Medically reviewed by Sophia Entringer, PharmD. Last updated on Jun 13, 2022.

What is Havrix?

Havrix is a hepatitis A vaccine. Hepatitis is a serious disease caused by a virus. Hepatitis causes inflammation of the liver, vomiting, and jaundice (yellowing of the skin or eyes). Hepatitis can lead to liver cancer, cirrhosis, or death.

Hepatitis A is spread through contact with the stool (bowel movements) of a person infected with the hepatitis A virus. This usually occurs by eating food or drinking water that has become contaminated as a result of handling by an infected person.

Havrix vaccine is used to help prevent this disease in adults.

Havrix works by exposing you to a small amount of the virus, which causes the body to develop immunity to the disease. This vaccine will not treat an active infection that has already developed in the body.

Like any vaccine, Havrix may not provide protection from disease in every person.


You should not receive Havrix if you have ever had a life-threatening allergic reaction to any vaccine containing hepatitis A, or if you are allergic to neomycin.

Vaccination with Havrix vaccine is recommended for all adults who travel in certain areas of the world where hepatitis A is a common disease.

Other risk factors for hepatitis include: being a homosexual male; having chronic liver disease; using intravenous (IV) drugs; receiving treatment for hemophilia or other bleeding disorders; working in a research laboratory or around animals (especially monkeys) where you may be exposed to the hepatitis A virus; or being in an area where there has been an outbreak of hepatitis A.

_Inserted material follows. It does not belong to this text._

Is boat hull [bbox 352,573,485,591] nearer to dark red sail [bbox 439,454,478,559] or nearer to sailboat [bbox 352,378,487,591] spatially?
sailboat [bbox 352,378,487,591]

Becoming infected with hepatitis A is much more dangerous to your health than receiving the vaccine to protect against it. Like any medicine, Havrix can cause side effects, but the risk of serious side effects is extremely low.

Before taking this medicine

Havrix vaccine will not protect against infection with hepatitis B, C, and E, or other viruses that affect the liver. It may also not protect against hepatitis A if you are already infected with the virus, even without showing symptoms.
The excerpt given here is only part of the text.